▸ **Data**:
++++++++++

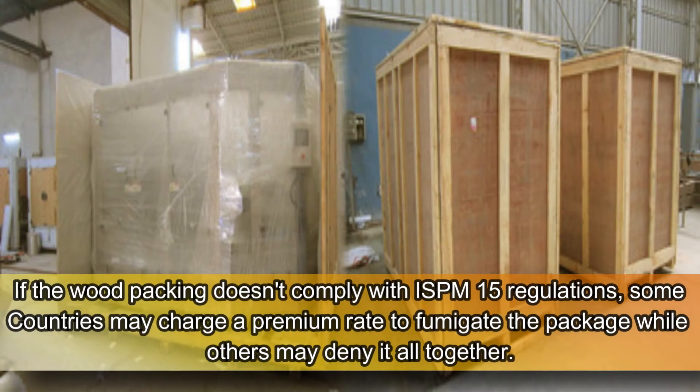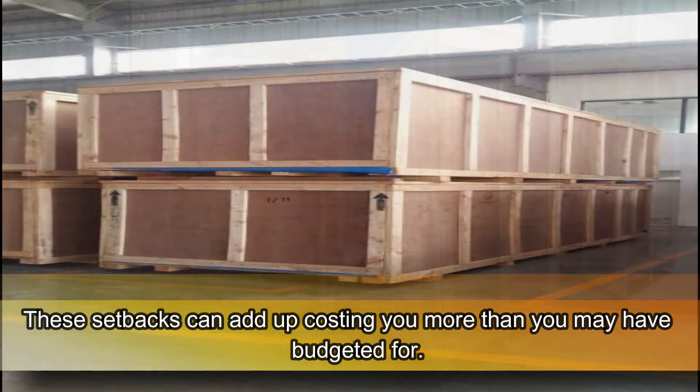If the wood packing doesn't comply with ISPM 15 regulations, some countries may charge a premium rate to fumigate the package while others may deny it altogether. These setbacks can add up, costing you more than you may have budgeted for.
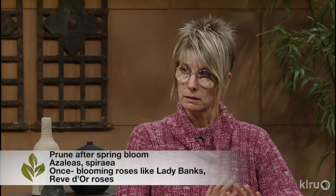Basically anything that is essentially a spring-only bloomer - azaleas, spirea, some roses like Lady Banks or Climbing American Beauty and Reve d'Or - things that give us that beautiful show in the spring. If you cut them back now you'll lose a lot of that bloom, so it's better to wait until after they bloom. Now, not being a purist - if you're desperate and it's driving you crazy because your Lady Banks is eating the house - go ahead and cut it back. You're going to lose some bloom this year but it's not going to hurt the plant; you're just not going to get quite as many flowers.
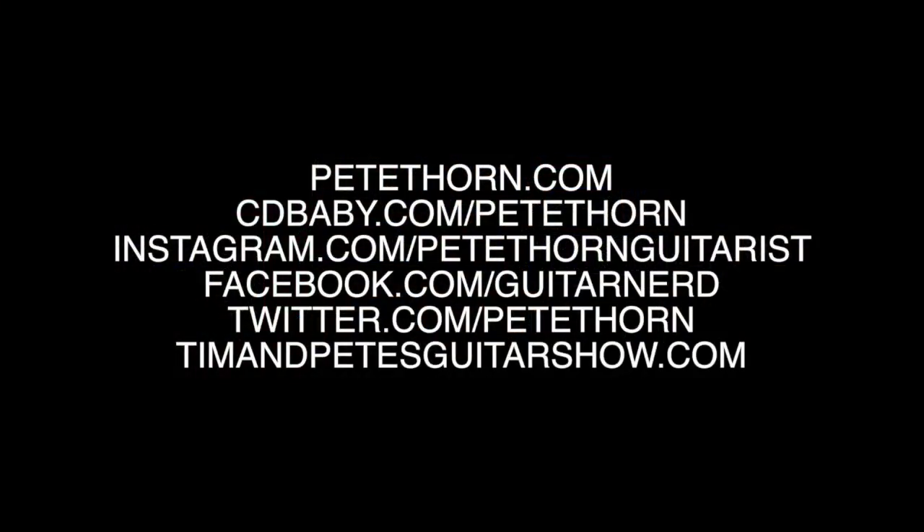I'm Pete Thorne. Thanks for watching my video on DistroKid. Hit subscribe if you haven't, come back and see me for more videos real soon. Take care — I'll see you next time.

++++++++++

▸ **Task**: Pictures aside, return all of the material exactly as written.

▸ **Answer box**:
If the wood packing doesn't comply with ISPM 15 regulations, some countries may charge a premium rate to fumigate the package while others may deny it altogether. These setbacks can add up, costing you more than you may have budgeted for.
Basically anything that is essentially a spring-only bloomer - azaleas, spirea, some roses like Lady Banks or Climbing American Beauty and Reve d'Or - things that give us that beautiful show in the spring. If you cut them back now you'll lose a lot of that bloom, so it's better to wait until after they bloom. Now, not being a purist - if you're desperate and it's driving you crazy because your Lady Banks is eating the house - go ahead and cut it back. You're going to lose some bloom this year but it's not going to hurt the plant; you're just not going to get quite as many flowers.
I'm Pete Thorne. Thanks for watching my video on DistroKid. Hit subscribe if you haven't, come back and see me for more videos real soon. Take care — I'll see you next time.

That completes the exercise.